* [Given information]
▶
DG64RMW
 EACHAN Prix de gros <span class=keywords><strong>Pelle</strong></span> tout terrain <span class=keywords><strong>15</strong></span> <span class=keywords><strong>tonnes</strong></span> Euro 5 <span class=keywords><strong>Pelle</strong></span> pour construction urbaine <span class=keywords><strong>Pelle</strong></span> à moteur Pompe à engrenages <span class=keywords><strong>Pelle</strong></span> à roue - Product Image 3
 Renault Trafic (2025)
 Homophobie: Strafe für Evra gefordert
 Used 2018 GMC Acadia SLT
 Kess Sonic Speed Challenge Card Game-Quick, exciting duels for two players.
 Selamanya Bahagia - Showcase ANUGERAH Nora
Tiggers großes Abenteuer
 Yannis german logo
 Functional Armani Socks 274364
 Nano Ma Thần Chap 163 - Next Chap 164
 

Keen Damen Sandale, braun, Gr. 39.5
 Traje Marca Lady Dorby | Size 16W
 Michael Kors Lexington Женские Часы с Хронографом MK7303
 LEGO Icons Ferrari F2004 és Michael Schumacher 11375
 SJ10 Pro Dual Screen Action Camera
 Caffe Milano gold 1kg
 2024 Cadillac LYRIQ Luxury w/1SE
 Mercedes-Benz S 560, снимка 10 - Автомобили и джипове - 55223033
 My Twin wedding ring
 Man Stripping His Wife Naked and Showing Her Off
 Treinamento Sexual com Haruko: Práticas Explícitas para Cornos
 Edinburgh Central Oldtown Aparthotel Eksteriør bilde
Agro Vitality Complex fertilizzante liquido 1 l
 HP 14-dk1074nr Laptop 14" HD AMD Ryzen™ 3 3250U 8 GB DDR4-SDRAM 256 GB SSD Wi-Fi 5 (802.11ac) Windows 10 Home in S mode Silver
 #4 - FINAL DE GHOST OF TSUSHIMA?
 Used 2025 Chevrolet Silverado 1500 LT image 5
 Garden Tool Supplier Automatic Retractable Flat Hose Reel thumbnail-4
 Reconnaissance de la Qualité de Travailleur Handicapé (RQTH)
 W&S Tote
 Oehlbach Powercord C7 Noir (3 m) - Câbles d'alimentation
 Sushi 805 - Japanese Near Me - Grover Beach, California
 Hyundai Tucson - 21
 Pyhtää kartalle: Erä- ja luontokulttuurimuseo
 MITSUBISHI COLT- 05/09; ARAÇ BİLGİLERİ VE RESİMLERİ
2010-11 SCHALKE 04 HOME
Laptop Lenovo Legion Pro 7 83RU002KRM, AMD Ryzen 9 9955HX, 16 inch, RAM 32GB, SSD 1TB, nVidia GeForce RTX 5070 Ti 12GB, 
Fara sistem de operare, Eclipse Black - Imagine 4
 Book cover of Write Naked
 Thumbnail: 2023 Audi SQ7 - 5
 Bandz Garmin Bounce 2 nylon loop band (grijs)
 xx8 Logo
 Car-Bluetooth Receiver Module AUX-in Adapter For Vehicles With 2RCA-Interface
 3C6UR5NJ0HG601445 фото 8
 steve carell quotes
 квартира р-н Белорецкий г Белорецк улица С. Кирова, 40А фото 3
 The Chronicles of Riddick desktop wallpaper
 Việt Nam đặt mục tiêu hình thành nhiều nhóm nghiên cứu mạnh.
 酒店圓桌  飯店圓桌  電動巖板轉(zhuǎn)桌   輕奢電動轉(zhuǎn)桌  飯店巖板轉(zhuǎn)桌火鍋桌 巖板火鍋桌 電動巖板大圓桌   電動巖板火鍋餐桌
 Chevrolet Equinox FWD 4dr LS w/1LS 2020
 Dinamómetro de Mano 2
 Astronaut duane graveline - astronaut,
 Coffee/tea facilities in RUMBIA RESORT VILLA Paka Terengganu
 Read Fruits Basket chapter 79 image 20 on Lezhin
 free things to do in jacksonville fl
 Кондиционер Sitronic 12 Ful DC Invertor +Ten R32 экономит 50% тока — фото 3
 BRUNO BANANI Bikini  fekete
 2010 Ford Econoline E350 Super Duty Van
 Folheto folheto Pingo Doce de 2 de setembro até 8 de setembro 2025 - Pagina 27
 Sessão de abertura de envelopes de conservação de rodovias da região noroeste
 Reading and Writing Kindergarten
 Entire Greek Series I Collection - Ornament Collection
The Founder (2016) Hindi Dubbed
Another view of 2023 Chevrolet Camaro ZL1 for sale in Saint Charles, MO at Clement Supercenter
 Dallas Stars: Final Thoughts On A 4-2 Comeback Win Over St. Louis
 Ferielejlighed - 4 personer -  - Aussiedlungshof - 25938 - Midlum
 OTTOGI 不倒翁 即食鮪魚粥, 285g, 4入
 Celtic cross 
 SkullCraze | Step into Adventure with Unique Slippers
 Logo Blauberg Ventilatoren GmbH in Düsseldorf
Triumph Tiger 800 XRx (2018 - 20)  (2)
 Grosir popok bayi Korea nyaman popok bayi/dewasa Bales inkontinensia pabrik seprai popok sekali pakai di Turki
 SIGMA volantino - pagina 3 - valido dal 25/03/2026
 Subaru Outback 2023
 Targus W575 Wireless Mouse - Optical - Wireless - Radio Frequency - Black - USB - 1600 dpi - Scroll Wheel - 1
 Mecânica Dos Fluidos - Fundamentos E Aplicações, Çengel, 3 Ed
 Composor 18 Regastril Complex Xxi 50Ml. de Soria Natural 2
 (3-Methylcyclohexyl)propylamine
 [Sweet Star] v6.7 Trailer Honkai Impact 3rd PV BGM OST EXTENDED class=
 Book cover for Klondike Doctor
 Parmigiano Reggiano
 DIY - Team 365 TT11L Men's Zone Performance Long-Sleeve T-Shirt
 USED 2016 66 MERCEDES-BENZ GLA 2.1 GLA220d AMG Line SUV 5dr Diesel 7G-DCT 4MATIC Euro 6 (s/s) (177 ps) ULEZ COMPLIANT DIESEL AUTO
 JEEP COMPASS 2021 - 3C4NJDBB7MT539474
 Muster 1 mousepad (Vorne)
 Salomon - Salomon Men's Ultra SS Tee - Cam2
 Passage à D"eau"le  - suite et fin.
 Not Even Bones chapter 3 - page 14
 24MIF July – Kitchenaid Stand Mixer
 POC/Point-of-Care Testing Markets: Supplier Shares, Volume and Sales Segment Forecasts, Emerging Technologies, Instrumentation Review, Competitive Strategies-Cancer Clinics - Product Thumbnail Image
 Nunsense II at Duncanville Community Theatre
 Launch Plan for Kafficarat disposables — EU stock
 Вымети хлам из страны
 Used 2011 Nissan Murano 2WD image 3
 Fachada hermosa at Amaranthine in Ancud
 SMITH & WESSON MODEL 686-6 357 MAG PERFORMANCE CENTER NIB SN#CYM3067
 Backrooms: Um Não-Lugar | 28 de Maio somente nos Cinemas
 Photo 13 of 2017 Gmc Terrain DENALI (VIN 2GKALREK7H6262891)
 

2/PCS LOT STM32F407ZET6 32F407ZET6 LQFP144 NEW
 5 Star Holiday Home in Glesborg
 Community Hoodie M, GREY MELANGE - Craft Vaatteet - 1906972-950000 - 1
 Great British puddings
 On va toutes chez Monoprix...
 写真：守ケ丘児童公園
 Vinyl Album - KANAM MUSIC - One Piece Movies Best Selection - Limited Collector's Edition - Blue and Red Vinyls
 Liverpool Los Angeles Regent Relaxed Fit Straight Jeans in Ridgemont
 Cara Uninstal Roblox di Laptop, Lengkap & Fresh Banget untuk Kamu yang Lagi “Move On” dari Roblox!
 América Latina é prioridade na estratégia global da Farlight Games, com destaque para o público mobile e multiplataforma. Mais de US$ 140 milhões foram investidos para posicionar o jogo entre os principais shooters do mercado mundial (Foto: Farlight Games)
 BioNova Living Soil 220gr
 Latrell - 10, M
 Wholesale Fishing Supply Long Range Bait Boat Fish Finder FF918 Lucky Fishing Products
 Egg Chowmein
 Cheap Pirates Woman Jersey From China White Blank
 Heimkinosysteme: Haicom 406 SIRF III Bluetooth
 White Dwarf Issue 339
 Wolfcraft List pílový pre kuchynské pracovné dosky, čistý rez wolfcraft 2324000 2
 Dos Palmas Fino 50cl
◀
* [Exercise requirements] Above this instruction are the records; retype exactly the lines from the one containing "Sushi 805 - Japanese" up to and including the one containing "Fara sistem de".

* [Task solution]
 Sushi 805 - Japanese Near Me - Grover Beach, California
 Hyundai Tucson - 21
 Pyhtää kartalle: Erä- ja luontokulttuurimuseo
 MITSUBISHI COLT- 05/09; ARAÇ BİLGİLERİ VE RESİMLERİ
2010-11 SCHALKE 04 HOME
Laptop Lenovo Legion Pro 7 83RU002KRM, AMD Ryzen 9 9955HX, 16 inch, RAM 32GB, SSD 1TB, nVidia GeForce RTX 5070 Ti 12GB, 
Fara sistem de operare, Eclipse Black - Imagine 4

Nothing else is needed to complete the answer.